• DATA SHOWN
::::
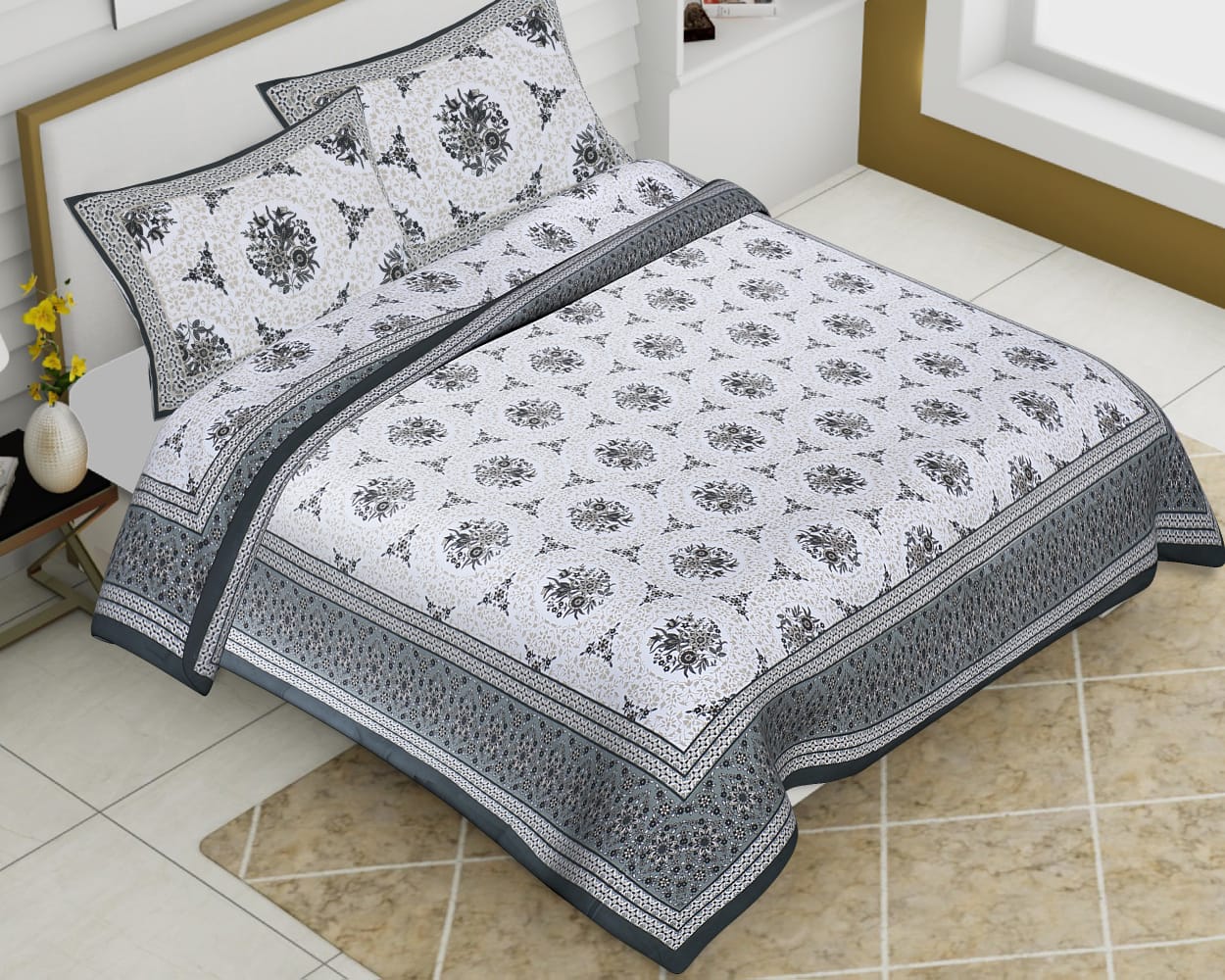 Cotton Jumbo Size 108"x108" Bedsheet With 2 Pillow Covers - JBNBJ45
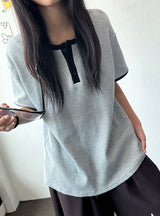 クロワ ワッフル ヘンリー オーバーサイズ Tシャツ 5カラー
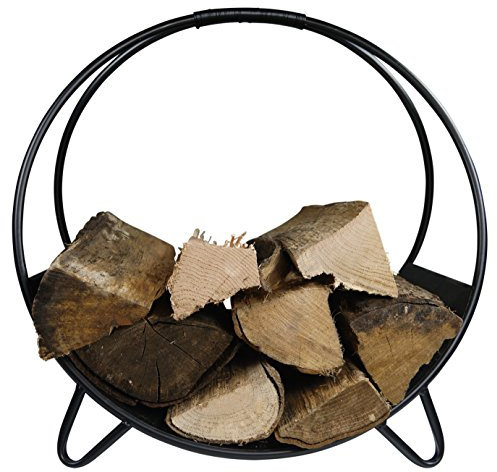 khevga Panier en bois rond moderne en métal noir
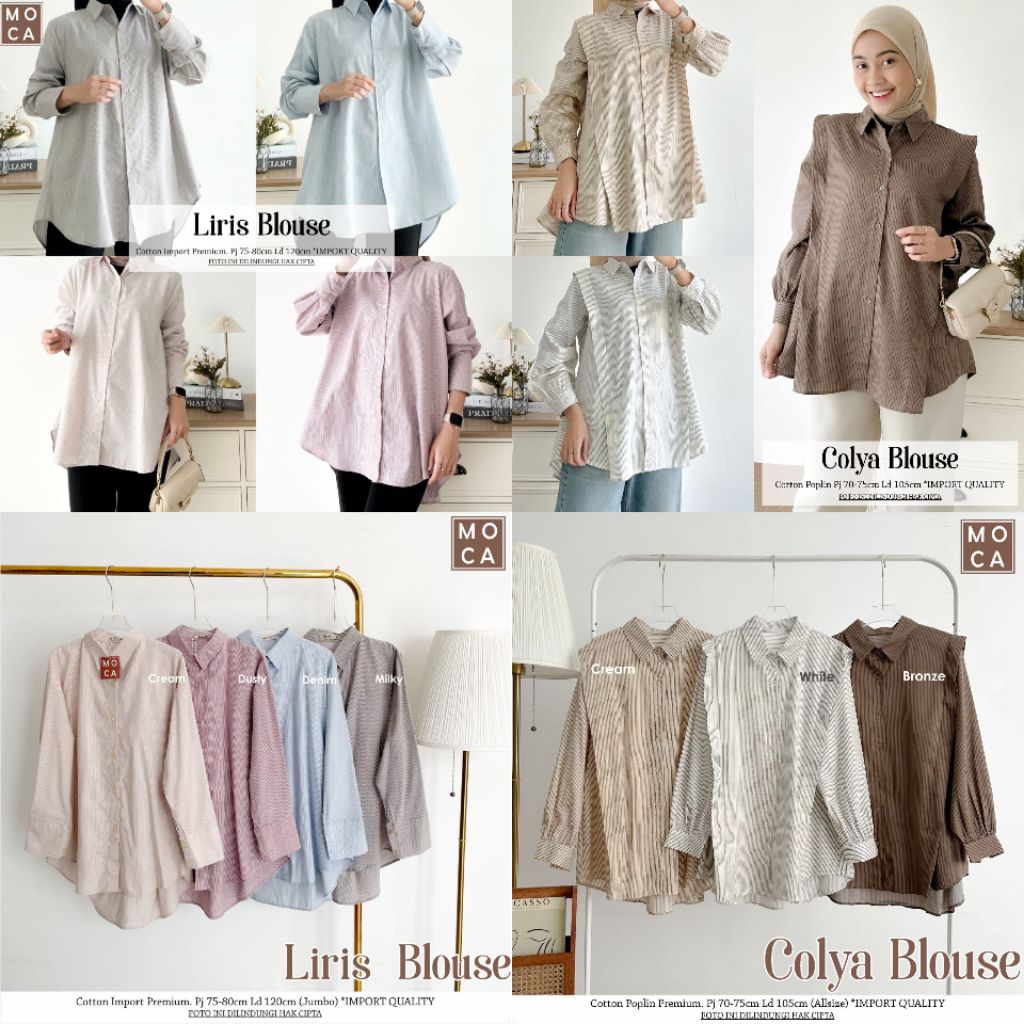 Colya Liris Siara Mive Blouse Oversize Top Allsize Premium Original Ori Moca Labeled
::::
Any picture in the material is to be dropped; the rest is repeated exactly.

 Cotton Jumbo Size 108"x108" Bedsheet With 2 Pillow Covers - JBNBJ45
 クロワ ワッフル ヘンリー オーバーサイズ Tシャツ 5カラー
 khevga Panier en bois rond moderne en métal noir
 Colya Liris Siara Mive Blouse Oversize Top Allsize Premium Original Ori Moca Labeled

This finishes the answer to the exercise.